PPS works to increase transparency and humanity in Pennsylvania prisons by coordinating volunteer visits to respond to complaints and concerns, proactively monitoring prisons, educating the public and lawmakers about prison conditions, and providing services, including a family support hotline and mentoring programs.

  • Volunteer Visits: PPS volunteers visit PADOC facilities in response to complaints or concerns raised by incarcerated individuals or other stakeholders. In 2022, PPS received roughly 250 letters and 650 calls a month. Most concerns are addressed at the point of contact, with roughly 1/5 of contacts resulting in a prison visit. PPS conducted about 2,000 official visits in 2022. Visits are conducted by 300 trained volunteer monitors, who are organized into chapters across the state. When volunteers visit facilities, they meet one-on-one with incarcerated individuals to discuss concerns. PPS then brings those concerns to prison staff or outside stakeholders to advocate for solutions. 
  • Proactive Monitoring: PPS started piloting a proactive monitoring program in spring 2021. PPS staff conduct walkthroughs of PADOC facilities to flag potential issues and conduct structured interviews with a random cross-section of incarcerated individuals. In 2022, PPS conducted 27 walkthroughs. PPS also uses surveys sent to incarcerated individuals to proactively collect and track concerns on specific, targeted issues like meal service or family visits. 
  • Support Services: PPS provides a set of services to support incarcerated people and their families. For example, prior to the COVID-19 pandemic, PPS ran a heavily subsidized bus service from Philadelphia to almost all prisons across the state to facilitate family visits. PPS also runs a mentorship program for men who are returning to Philadelphia from incarceration and maintains a family support line, which family members of incarcerated individuals can call to get information on facilities, policies, and general questions, as well as direct support.
  • Education and Advocacy: PPS uses its insight into prison conditions to help keep the public and policymakers well-informed about corrections issues. In 2021, PPS added a dedicated staff position for this work. 

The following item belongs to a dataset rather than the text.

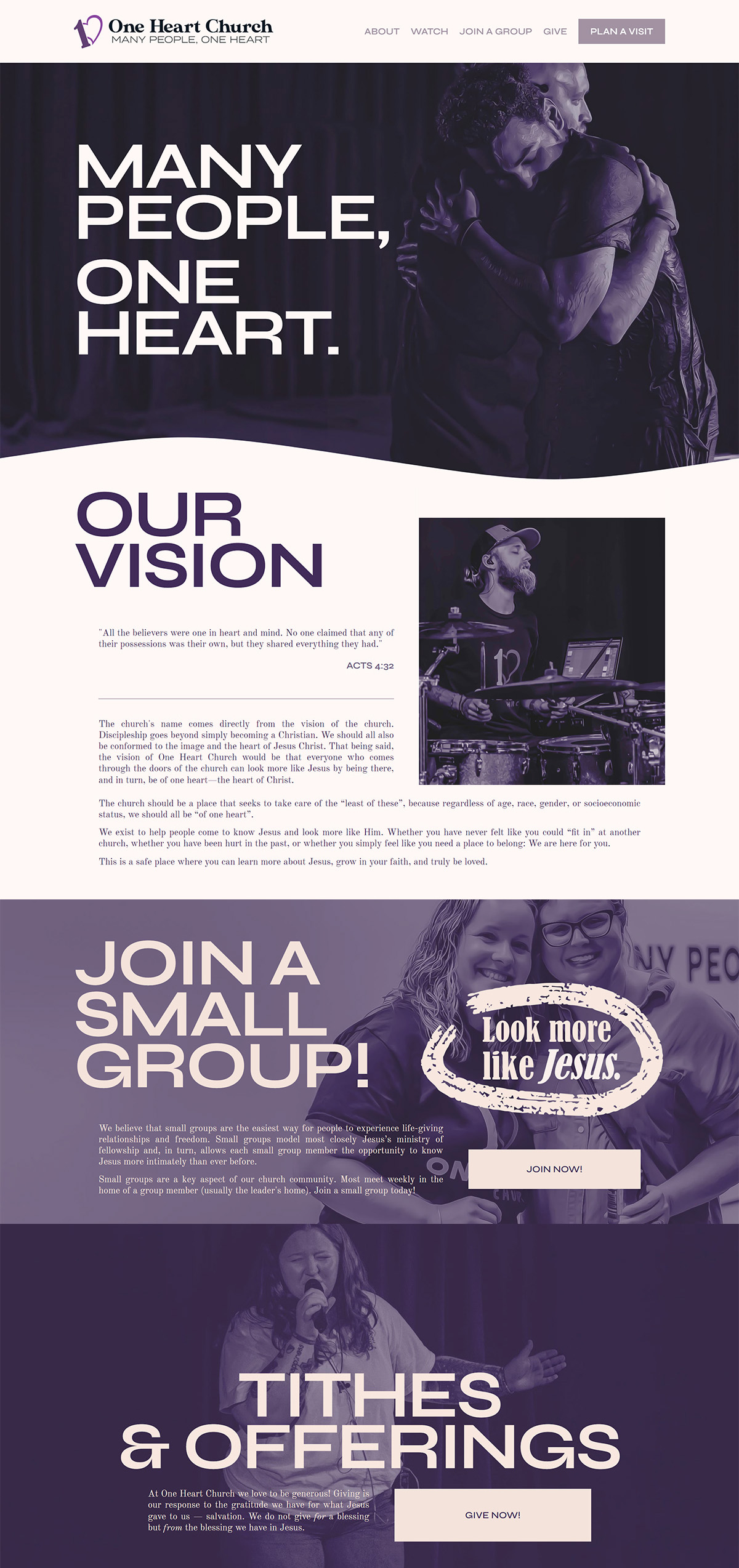 One Heart Church website design screenshot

Annual Reports; Monitoring Reports on specific facilities; Survey Reports. Publicly available here.

  • Monitoring Reports, Survey Reports: Monitoring reports about specific facilities are a product of PPS’s proactive monitoring and highlight facilities with particularly concerning conditions. As part of the same monitoring work, PPS has also conducted large-scale surveys on issues such as COVID-19 conditions and dining halls. Reports based on these visits and survey results are publicly available. 
  • PPS does not generate publicly available reports from its volunteer visits in response to complaints, which are the organization’s main activity.

Organizational History

PPS was founded in 1787 in response to inhumane conditions in Philadelphia’s Walnut Street jail and the practice of public labor as a punishment for incarcerated people. From the organization’s inception, PPS volunteers visited prisons and advocated for prison reform. In 1829, the Pennsylvania Legislature granted PPS official access to all prison facilities in the state. Today, PPS continues to visit county and state prisons across Pennsylvania, support incarcerated individuals and their families, and advocate for safer and more humane prisons.

Special Note

PPS is one of only three non-governmental prison oversight organizations in the United States, along with the Correctional Association of New York and the John Howard Association of Illinois.